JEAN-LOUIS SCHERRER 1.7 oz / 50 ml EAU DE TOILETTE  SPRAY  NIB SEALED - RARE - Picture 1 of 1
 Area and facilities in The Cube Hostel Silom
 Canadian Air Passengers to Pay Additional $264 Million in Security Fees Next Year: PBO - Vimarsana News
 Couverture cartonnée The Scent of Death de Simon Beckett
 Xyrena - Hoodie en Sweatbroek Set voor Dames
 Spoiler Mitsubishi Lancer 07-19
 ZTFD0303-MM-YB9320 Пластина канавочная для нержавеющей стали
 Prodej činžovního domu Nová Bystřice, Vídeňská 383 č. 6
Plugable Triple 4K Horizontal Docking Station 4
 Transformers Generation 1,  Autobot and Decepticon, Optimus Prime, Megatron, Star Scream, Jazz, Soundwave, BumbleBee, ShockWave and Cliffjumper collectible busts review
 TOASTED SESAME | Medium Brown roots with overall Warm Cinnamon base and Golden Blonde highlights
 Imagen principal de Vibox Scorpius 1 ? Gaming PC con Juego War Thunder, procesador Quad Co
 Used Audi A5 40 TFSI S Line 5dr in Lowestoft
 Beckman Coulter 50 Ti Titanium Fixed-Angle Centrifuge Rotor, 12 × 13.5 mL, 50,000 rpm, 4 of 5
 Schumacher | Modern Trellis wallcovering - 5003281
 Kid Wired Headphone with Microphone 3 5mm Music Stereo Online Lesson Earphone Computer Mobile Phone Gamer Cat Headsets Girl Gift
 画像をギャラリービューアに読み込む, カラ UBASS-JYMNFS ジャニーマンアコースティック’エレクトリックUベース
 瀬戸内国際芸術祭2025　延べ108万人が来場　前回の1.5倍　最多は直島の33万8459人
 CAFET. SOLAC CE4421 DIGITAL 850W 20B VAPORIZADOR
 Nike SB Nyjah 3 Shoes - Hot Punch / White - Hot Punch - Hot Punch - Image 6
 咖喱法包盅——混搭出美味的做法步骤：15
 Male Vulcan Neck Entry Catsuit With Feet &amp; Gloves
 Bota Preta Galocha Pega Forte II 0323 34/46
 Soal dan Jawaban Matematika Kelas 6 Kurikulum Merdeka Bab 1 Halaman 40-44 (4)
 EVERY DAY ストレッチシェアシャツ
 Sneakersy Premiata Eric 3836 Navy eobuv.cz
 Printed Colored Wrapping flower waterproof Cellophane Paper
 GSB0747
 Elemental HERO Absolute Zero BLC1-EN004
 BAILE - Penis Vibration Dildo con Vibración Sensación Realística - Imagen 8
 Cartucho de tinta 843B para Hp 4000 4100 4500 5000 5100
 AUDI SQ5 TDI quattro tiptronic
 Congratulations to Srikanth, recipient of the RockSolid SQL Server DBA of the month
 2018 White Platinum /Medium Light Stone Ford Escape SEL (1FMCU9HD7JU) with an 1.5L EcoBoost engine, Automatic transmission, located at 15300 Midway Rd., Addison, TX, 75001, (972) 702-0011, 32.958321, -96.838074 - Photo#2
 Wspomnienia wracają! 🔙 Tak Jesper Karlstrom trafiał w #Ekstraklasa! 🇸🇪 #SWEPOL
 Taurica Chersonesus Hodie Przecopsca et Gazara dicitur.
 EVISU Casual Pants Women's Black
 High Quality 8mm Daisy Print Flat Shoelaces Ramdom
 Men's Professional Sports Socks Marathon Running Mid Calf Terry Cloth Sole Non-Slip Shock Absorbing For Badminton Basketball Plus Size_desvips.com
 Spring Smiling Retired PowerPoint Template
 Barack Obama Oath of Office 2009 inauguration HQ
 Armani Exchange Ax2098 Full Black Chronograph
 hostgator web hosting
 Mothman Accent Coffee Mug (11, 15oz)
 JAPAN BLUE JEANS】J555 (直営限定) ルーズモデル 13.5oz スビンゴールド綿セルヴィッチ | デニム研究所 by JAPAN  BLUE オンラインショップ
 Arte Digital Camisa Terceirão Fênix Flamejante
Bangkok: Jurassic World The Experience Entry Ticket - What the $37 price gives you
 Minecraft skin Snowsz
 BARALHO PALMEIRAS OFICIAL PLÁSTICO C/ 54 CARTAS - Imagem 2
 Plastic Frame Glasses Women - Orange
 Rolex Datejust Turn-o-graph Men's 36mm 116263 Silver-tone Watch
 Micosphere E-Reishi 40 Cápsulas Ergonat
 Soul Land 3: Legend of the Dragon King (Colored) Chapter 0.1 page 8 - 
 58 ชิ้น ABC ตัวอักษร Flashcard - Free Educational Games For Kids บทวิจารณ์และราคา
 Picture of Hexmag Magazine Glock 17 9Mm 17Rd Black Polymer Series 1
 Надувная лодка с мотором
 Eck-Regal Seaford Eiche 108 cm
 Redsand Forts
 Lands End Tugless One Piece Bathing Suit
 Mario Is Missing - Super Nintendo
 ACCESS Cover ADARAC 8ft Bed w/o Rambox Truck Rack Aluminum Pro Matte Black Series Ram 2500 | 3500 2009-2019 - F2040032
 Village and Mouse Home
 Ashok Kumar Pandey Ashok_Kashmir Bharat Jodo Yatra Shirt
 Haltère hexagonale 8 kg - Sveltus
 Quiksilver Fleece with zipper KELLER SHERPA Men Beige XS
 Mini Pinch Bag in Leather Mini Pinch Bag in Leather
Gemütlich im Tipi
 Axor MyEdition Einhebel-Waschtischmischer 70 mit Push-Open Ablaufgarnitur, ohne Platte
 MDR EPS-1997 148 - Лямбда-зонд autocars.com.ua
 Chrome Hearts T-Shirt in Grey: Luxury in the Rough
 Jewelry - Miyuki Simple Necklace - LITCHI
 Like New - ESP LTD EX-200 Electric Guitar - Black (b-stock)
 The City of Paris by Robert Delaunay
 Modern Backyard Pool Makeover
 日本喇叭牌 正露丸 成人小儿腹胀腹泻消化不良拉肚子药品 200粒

**TASK DESCRIPTION:** Lines wanted from the listing above: the line with "EVERY DAY ストレッチシェアシャツ" up to and including the line with "Congratulations to Srikanth, recipient". Please write them out exactly, adding nothing else.

**THE ANSWER:**
 EVERY DAY ストレッチシェアシャツ
 Sneakersy Premiata Eric 3836 Navy eobuv.cz
 Printed Colored Wrapping flower waterproof Cellophane Paper
 GSB0747
 Elemental HERO Absolute Zero BLC1-EN004
 BAILE - Penis Vibration Dildo con Vibración Sensación Realística - Imagen 8
 Cartucho de tinta 843B para Hp 4000 4100 4500 5000 5100
 AUDI SQ5 TDI quattro tiptronic
 Congratulations to Srikanth, recipient of the RockSolid SQL Server DBA of the month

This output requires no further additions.